Extracted material:
::::::

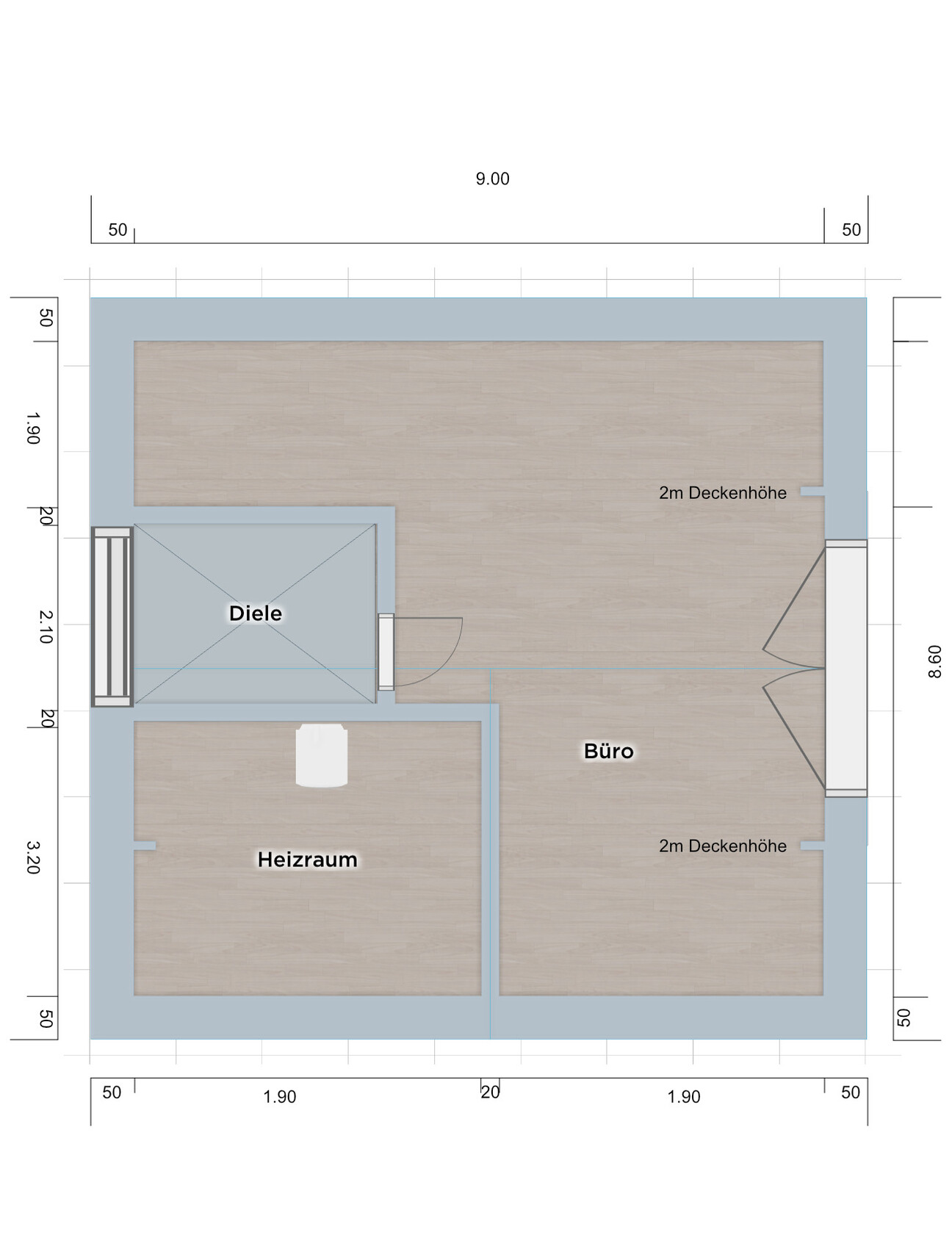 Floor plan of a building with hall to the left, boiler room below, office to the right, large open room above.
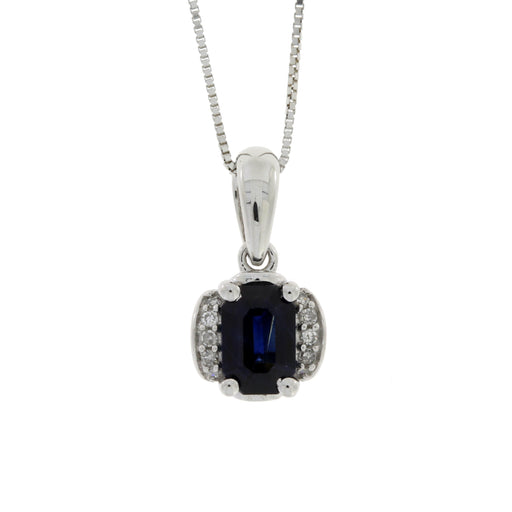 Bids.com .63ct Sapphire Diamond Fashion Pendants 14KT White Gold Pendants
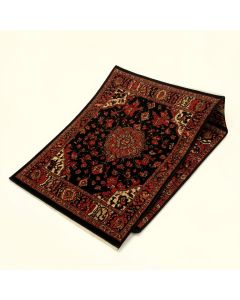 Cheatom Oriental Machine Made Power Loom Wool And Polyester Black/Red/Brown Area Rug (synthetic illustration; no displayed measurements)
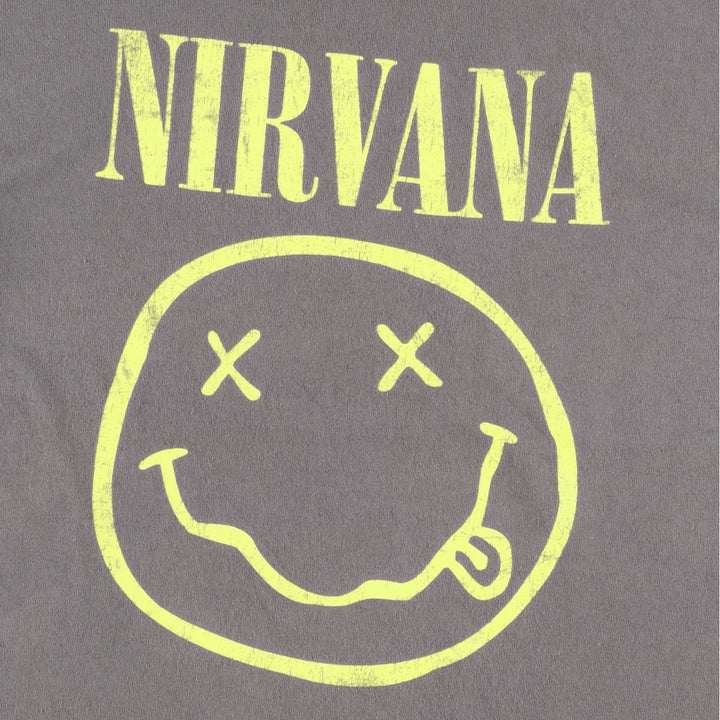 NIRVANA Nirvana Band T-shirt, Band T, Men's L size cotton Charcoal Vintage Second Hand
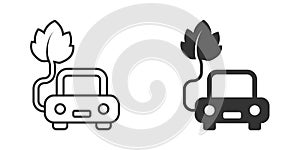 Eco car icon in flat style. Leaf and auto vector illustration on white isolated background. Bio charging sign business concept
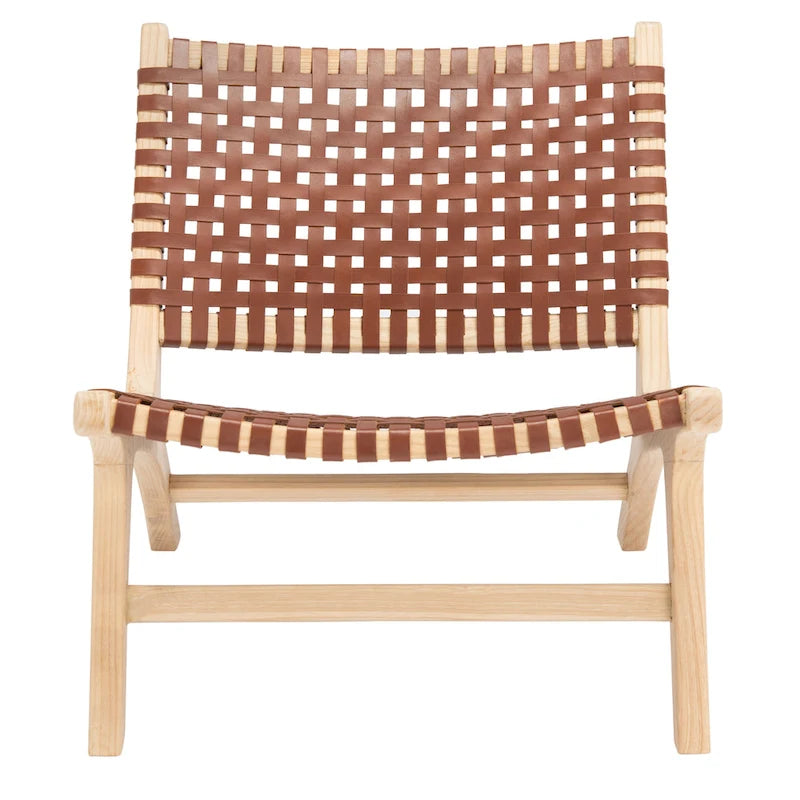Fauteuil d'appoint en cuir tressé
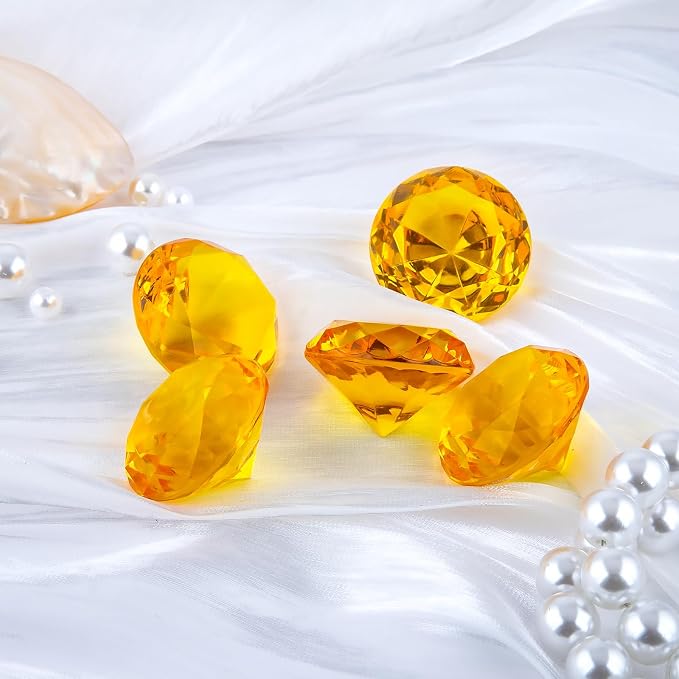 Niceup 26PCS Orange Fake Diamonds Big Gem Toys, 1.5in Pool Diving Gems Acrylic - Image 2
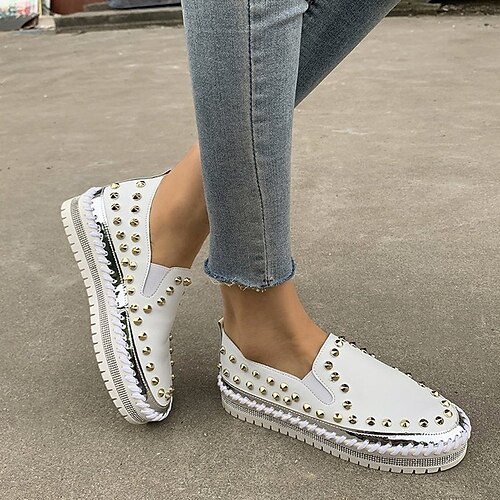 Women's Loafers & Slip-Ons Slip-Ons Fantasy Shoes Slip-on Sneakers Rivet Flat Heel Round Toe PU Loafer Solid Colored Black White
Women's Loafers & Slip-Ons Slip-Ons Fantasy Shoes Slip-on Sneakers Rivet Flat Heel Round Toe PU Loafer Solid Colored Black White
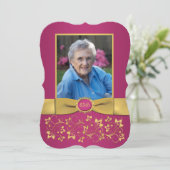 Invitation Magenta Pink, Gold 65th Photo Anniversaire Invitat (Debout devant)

::::::

What this task involves: Copy each entry above exactly; drop the pictures.

Result:
 Floor plan of a building with hall to the left, boiler room below, office to the right, large open room above.
 Bids.com .63ct Sapphire Diamond Fashion Pendants 14KT White Gold Pendants
 Cheatom Oriental Machine Made Power Loom Wool And Polyester Black/Red/Brown Area Rug (synthetic illustration; no displayed measurements)
 NIRVANA Nirvana Band T-shirt, Band T, Men's L size cotton Charcoal Vintage Second Hand
 Eco car icon in flat style. Leaf and auto vector illustration on white isolated background. Bio charging sign business concept
Fauteuil d'appoint en cuir tressé
 Niceup 26PCS Orange Fake Diamonds Big Gem Toys, 1.5in Pool Diving Gems Acrylic - Image 2
 Women's Loafers & Slip-Ons Slip-Ons Fantasy Shoes Slip-on Sneakers Rivet Flat Heel Round Toe PU Loafer Solid Colored Black White
Women's Loafers & Slip-Ons Slip-Ons Fantasy Shoes Slip-on Sneakers Rivet Flat Heel Round Toe PU Loafer Solid Colored Black White
 Invitation Magenta Pink, Gold 65th Photo Anniversaire Invitat (Debout devant)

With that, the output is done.